SUPPLIED DATA Block Start

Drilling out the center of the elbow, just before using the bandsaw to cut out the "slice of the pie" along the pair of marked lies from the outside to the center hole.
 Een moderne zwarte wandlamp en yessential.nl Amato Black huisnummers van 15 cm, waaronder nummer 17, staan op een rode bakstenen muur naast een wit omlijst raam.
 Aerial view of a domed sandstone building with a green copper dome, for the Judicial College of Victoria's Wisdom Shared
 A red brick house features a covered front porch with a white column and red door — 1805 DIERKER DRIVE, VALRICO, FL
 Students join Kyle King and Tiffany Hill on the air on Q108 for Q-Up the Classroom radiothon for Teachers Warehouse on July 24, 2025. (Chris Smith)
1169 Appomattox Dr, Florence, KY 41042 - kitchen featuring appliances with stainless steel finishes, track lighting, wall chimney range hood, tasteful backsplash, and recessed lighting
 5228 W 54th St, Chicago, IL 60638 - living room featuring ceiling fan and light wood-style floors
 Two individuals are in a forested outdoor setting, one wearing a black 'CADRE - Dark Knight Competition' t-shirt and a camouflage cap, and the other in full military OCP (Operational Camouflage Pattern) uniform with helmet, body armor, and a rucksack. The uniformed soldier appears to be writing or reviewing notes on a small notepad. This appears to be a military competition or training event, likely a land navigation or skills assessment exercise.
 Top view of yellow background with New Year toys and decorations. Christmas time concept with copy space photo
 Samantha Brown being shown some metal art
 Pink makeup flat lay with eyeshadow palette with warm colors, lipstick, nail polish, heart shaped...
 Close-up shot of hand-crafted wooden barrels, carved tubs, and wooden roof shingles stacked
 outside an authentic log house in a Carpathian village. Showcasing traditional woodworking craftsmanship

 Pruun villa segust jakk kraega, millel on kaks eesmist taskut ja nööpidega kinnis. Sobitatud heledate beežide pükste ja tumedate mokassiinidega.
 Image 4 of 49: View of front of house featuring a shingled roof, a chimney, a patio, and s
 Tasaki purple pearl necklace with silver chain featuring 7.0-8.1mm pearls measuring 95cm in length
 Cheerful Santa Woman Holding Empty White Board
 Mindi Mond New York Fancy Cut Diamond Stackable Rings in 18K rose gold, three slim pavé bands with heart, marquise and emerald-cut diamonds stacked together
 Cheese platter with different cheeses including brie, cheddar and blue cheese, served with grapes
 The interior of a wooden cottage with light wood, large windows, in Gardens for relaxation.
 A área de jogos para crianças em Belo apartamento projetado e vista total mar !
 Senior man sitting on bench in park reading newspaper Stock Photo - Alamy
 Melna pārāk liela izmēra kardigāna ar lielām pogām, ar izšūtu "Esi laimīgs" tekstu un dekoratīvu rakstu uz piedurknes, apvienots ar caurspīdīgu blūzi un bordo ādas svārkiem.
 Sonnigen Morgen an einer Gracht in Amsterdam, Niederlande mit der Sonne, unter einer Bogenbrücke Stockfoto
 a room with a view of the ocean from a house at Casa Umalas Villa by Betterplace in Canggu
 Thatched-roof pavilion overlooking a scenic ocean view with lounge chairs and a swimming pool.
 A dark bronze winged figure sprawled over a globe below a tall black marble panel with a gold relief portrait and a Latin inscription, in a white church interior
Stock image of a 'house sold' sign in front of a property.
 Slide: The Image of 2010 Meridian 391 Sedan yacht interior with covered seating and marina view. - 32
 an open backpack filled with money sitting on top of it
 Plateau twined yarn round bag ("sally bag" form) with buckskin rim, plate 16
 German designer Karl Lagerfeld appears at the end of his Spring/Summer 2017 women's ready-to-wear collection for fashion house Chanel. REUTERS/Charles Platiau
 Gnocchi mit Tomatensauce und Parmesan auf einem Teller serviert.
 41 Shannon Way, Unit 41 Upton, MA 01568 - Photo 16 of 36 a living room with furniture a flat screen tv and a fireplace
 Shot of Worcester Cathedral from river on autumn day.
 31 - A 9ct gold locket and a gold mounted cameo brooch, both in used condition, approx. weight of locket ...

SUPPLIED DATA Block End

Starting at the line that has "German designer Karl" in the records above, restate word for word every line until the one that has "41 Shannon Way, Unit", and include that one as well.

# [ANSWER SPACE]
 German designer Karl Lagerfeld appears at the end of his Spring/Summer 2017 women's ready-to-wear collection for fashion house Chanel. REUTERS/Charles Platiau
 Gnocchi mit Tomatensauce und Parmesan auf einem Teller serviert.
 41 Shannon Way, Unit 41 Upton, MA 01568 - Photo 16 of 36 a living room with furniture a flat screen tv and a fireplace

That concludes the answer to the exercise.